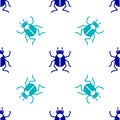 Blue Beetle bug icon isolated seamless pattern on white background. Vector Royalty Free Stock Photo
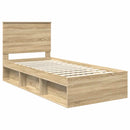 vidaXL Ágykeret fejtámlával Sonoma tölgy 75 x 190 cm Tömör fenyőfa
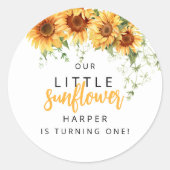 Onze kleine zonnebloem verjaardagsfeestje ronde sticker (Voorkant)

★ ★ ★

After removing the pictures, transcribe the listing above exactly.

 Blue Beetle bug icon isolated seamless pattern on white background. Vector Royalty Free Stock Photo
 vidaXL Ágykeret fejtámlával Sonoma tölgy 75 x 190 cm Tömör fenyőfa
 Onze kleine zonnebloem verjaardagsfeestje ronde sticker (Voorkant)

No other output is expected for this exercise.